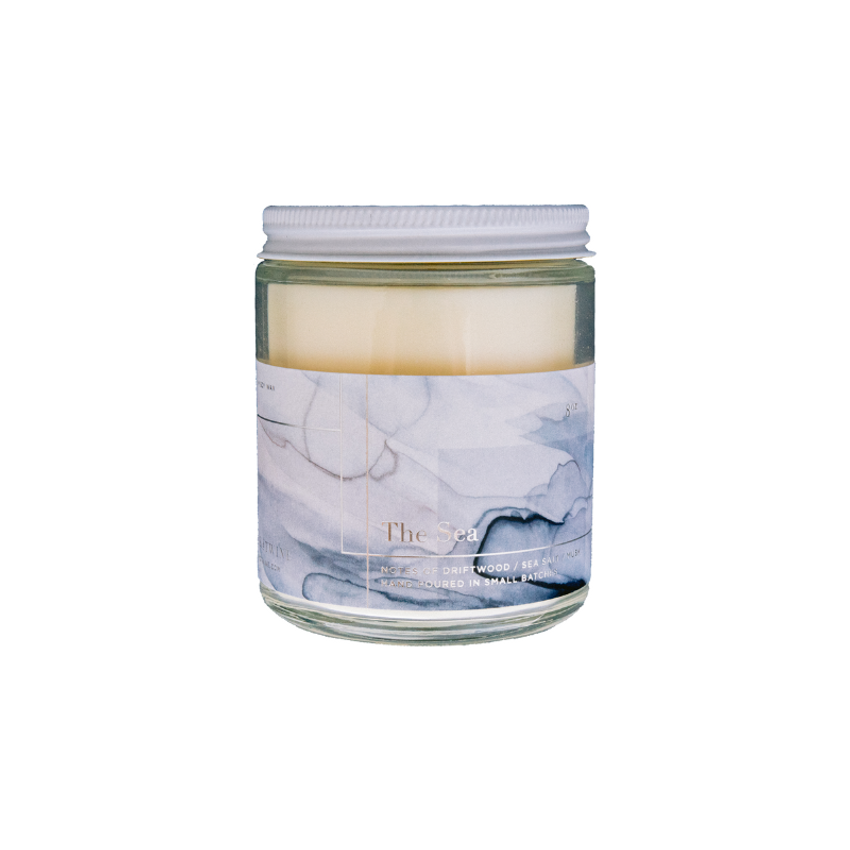 marble labeled vanilla candle white background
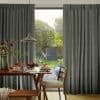 Floor-length pleated gray curtains, hung across a sliding glass door, parted at center; filtering soft daylight and framing a dining table set for breakfast and a leafy backyard view.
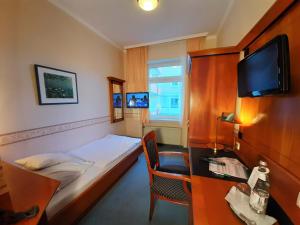 TV a/nebo společenská místnost v ubytování Hotel Krupp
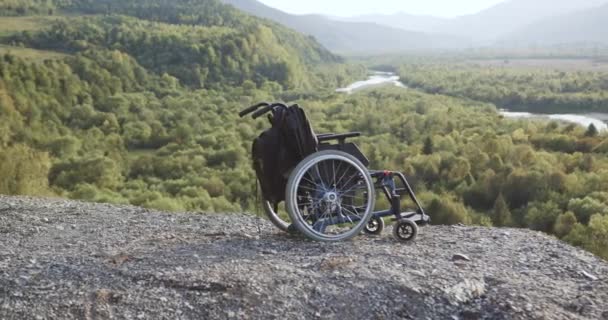 아침아름다운 자연 속 언덕 위에 누워 있는 책가방으로 의료용 휠체어를 클로즈업 — 비디오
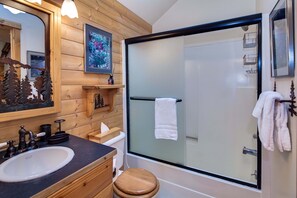 A bathroom with a wooden vanity, a sink, a toilet, and a glass-enclosed shower. - Diamond Peak 2 (Bend)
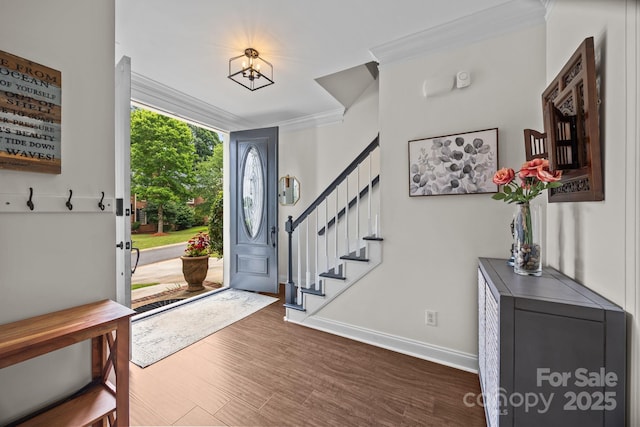 4108 Deerfield Dr NW, Concord, NC 28027 - entrance foyer featuring stairs, ornamental molding, and wood finished floors
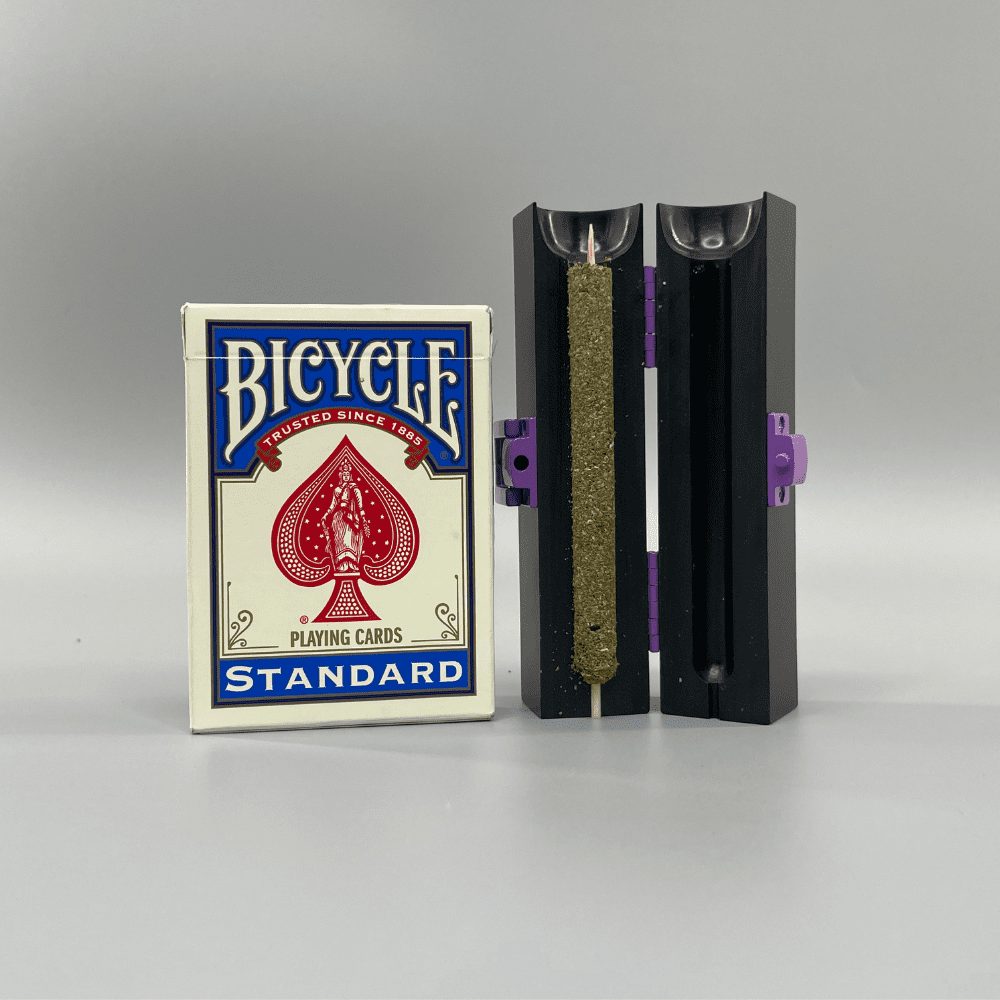 CannaMold kit displayed next to a deck of playing cards demonstrating that the weed cigar maker is slighlty taller than a pack of cards and the Cannagar can pack 2-4g of cannabis.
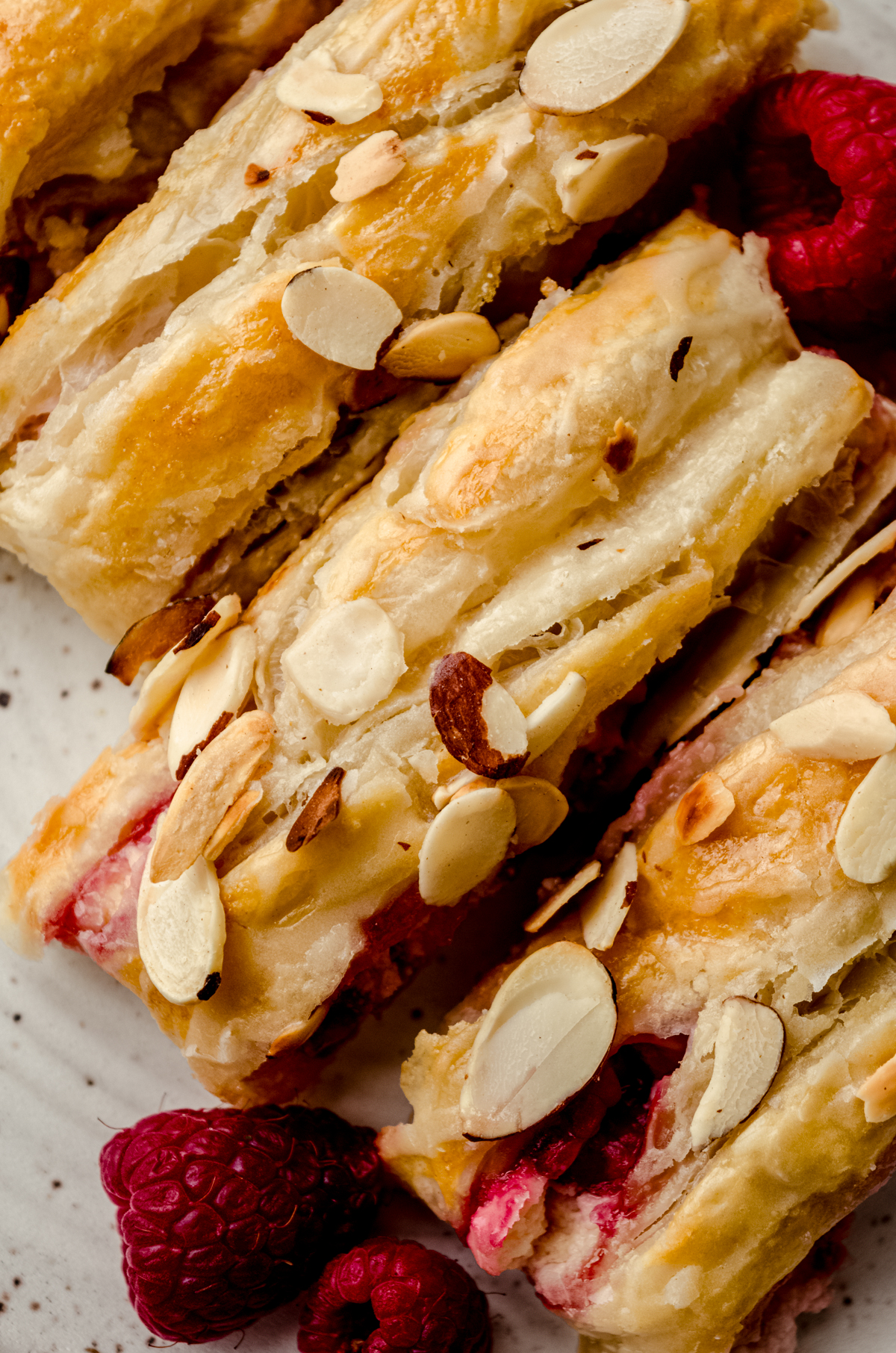 A pastry braid filled with raspberries and cream cheese with toasted almonds and an icing on it sliced into portions.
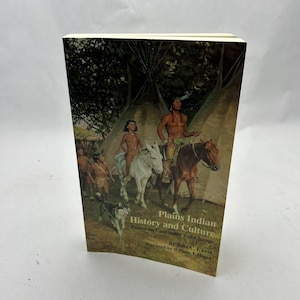 Op de afbeelding: Een hardcover boek getiteld "Plains Indian History and Culture" met een omslagillustratie van indianen te paard en een hond. De omslag van het boek is sepia met tekst in wit en zwart.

__Task directions__. Return the listing above in full and without alteration, excluding its pictures.

__Answer to this task__.
 marble labeled vanilla candle white background
 Floor-length pleated gray curtains, hung across a sliding glass door, parted at center; filtering soft daylight and framing a dining table set for breakfast and a leafy backyard view.
 TV a/nebo společenská místnost v ubytování Hotel Krupp
 아침아름다운 자연 속 언덕 위에 누워 있는 책가방으로 의료용 휠체어를 클로즈업 — 비디오
 A bathroom with a wooden vanity, a sink, a toilet, and a glass-enclosed shower. - Diamond Peak 2 (Bend)
 4108 Deerfield Dr NW, Concord, NC 28027 - entrance foyer featuring stairs, ornamental molding, and wood finished floors
 CannaMold kit displayed next to a deck of playing cards demonstrating that the weed cigar maker is slighlty taller than a pack of cards and the Cannagar can pack 2-4g of cannabis.
 A pastry braid filled with raspberries and cream cheese with toasted almonds and an icing on it sliced into portions.
 Op de afbeelding: Een hardcover boek getiteld "Plains Indian History and Culture" met een omslagillustratie van indianen te paard en een hond. De omslag van het boek is sepia met tekst in wit en zwart.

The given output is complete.